Brief descriptive captions
┌────────

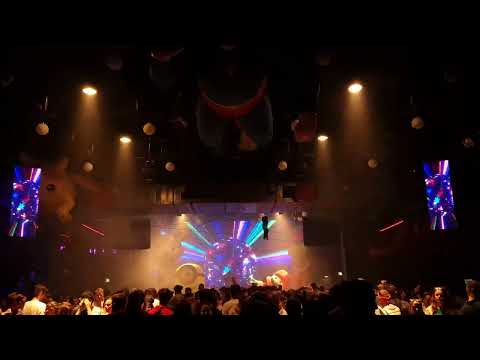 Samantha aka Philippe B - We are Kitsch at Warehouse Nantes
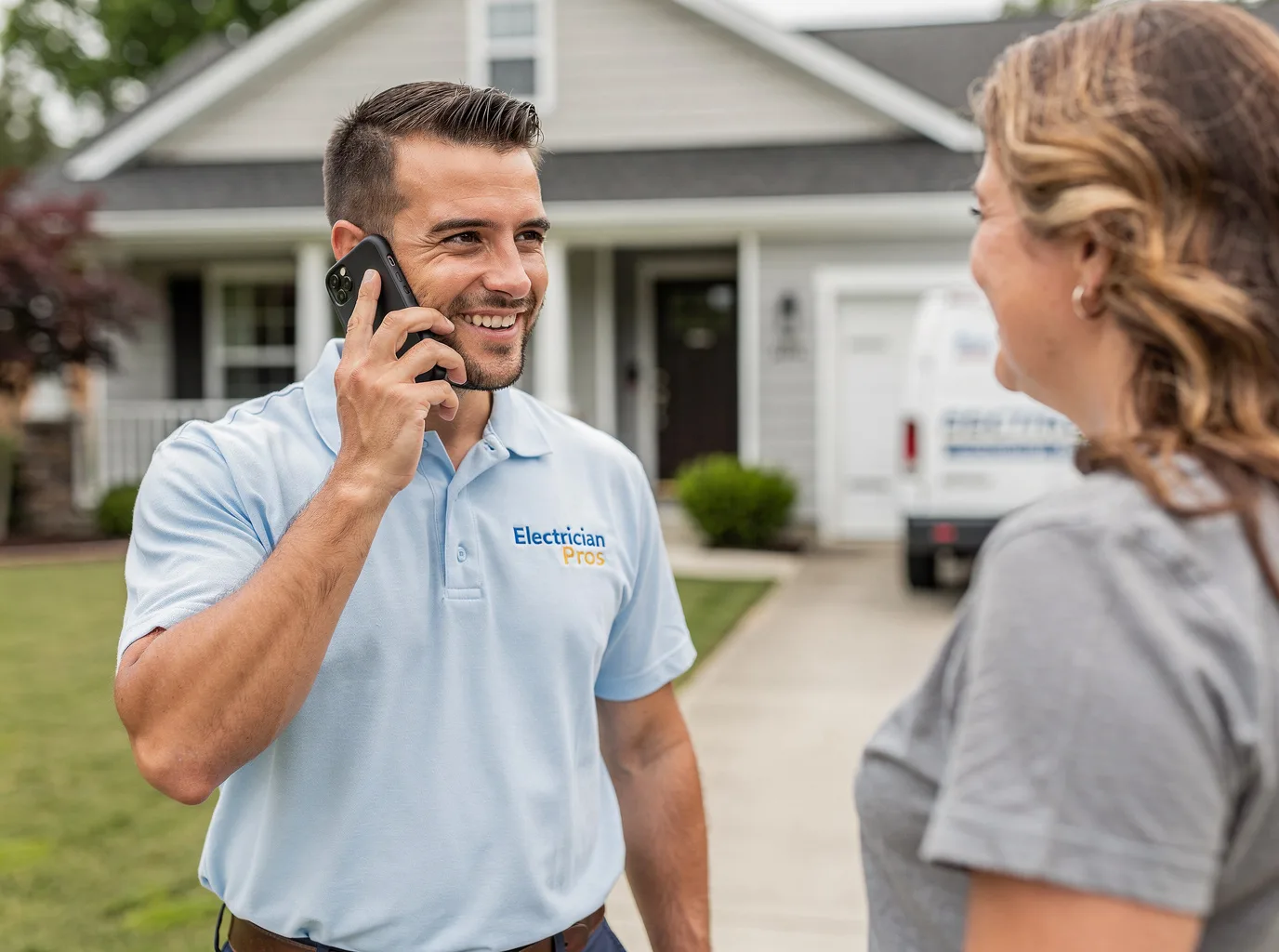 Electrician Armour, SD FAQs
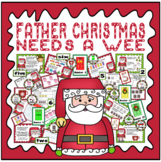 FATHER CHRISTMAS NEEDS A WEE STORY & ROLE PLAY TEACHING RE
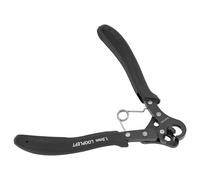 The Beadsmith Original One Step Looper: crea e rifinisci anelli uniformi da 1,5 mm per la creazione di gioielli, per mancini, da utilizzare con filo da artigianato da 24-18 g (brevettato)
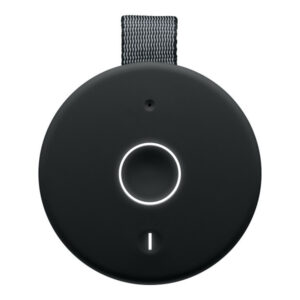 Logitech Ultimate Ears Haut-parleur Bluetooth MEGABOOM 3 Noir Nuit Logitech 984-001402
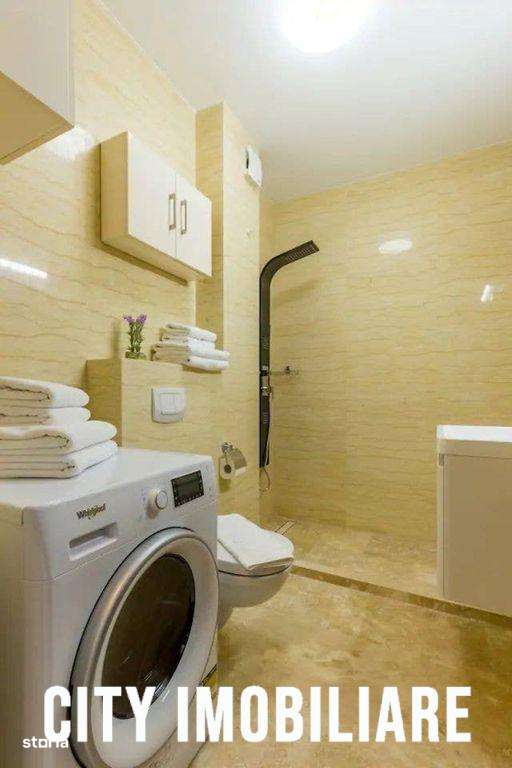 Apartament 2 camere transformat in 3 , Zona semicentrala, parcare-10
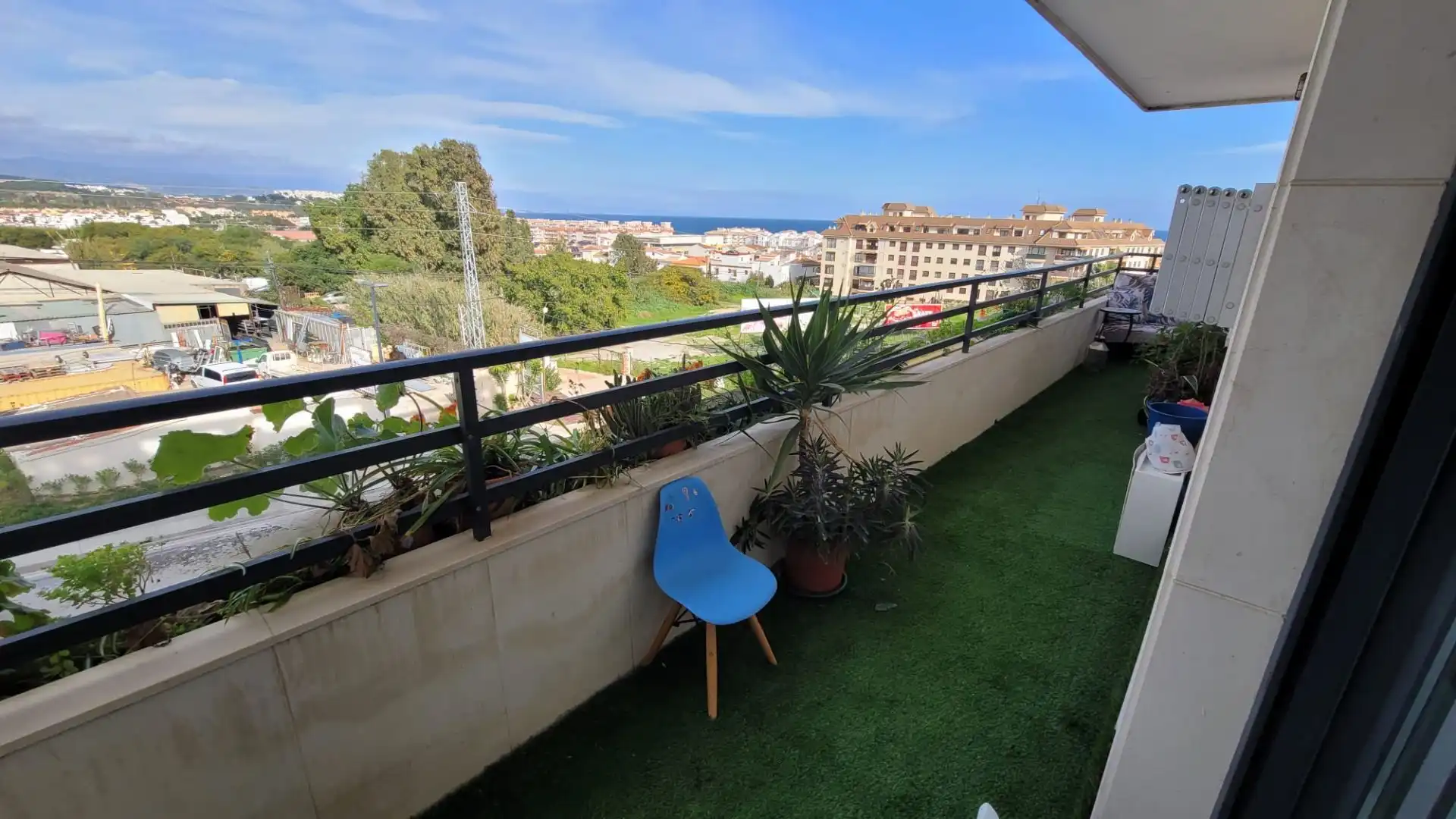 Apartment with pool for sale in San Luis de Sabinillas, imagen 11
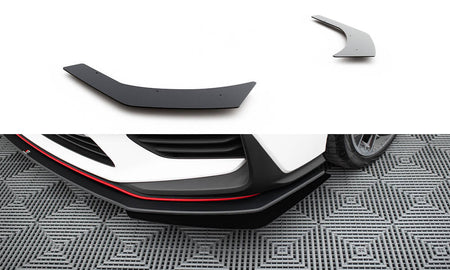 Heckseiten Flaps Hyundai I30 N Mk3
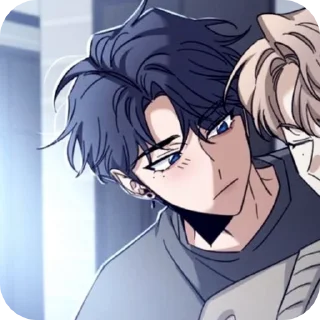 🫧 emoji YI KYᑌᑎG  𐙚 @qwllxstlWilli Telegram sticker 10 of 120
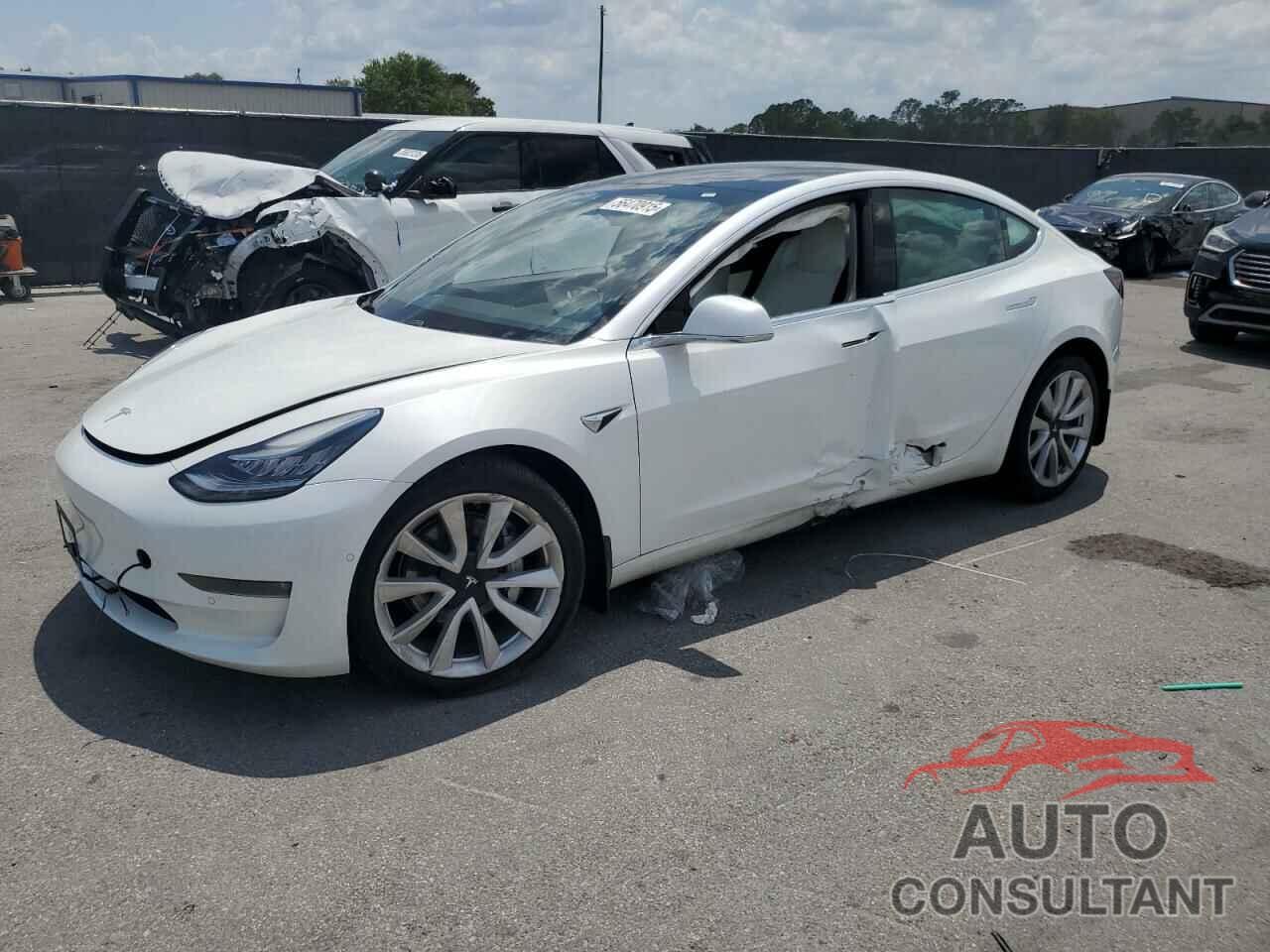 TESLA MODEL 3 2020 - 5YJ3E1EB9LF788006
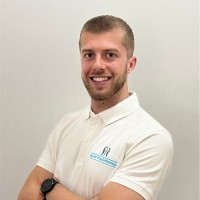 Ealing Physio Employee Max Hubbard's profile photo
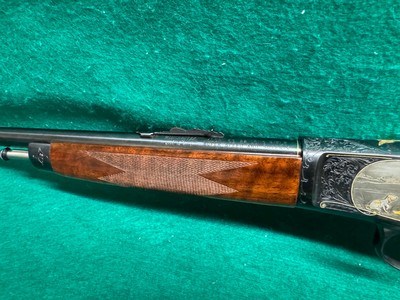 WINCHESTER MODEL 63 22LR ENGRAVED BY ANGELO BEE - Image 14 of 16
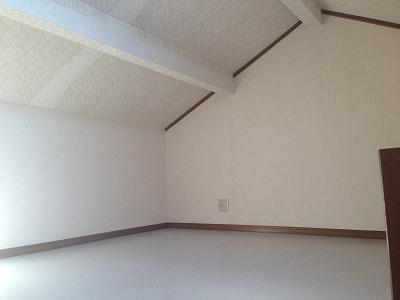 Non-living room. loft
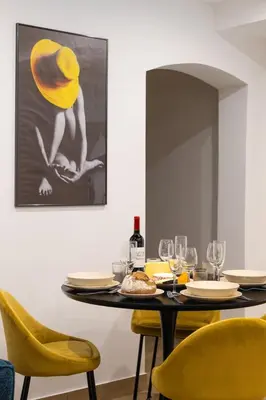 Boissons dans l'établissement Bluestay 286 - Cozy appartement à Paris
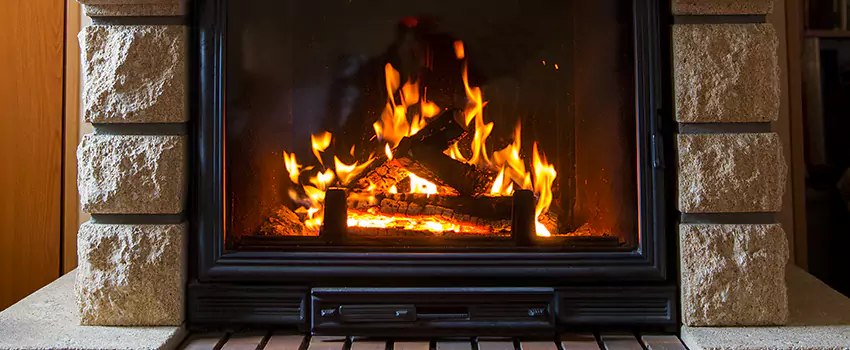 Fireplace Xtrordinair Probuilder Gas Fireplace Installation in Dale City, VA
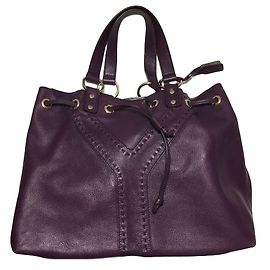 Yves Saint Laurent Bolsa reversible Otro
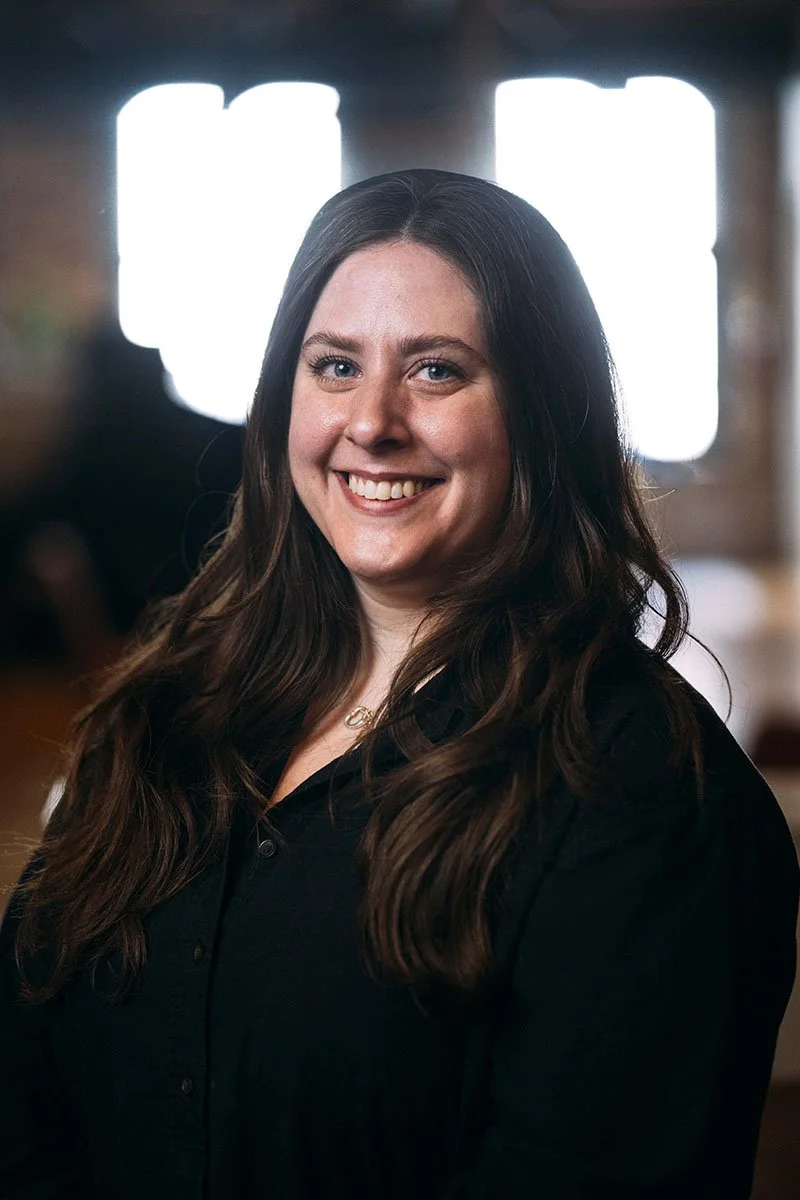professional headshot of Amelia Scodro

└────────

Set the records down again exactly as given, and leave the pictures out.

▸ **COMPLETED TASK**:
 Samantha aka Philippe B - We are Kitsch at Warehouse Nantes
 Electrician Armour, SD FAQs
 FATHER CHRISTMAS NEEDS A WEE STORY & ROLE PLAY TEACHING RE
 The Beadsmith Original One Step Looper: crea e rifinisci anelli uniformi da 1,5 mm per la creazione di gioielli, per mancini, da utilizzare con filo da artigianato da 24-18 g (brevettato)
 Logitech Ultimate Ears Haut-parleur Bluetooth MEGABOOM 3 Noir Nuit Logitech 984-001402
 Apartament 2 camere transformat in 3 , Zona semicentrala, parcare-10
 Apartment with pool for sale in San Luis de Sabinillas, imagen 11
 Heckseiten Flaps Hyundai I30 N Mk3
 🫧 emoji YI KYᑌᑎG  𐙚 @qwllxstlWilli Telegram sticker 10 of 120
 TESLA MODEL 3 2020 - 5YJ3E1EB9LF788006
 Ealing Physio Employee Max Hubbard's profile photo
 WINCHESTER MODEL 63 22LR ENGRAVED BY ANGELO BEE - Image 14 of 16
 Non-living room. loft
 Boissons dans l'établissement Bluestay 286 - Cozy appartement à Paris
 Fireplace Xtrordinair Probuilder Gas Fireplace Installation in Dale City, VA
 Yves Saint Laurent Bolsa reversible Otro
professional headshot of Amelia Scodro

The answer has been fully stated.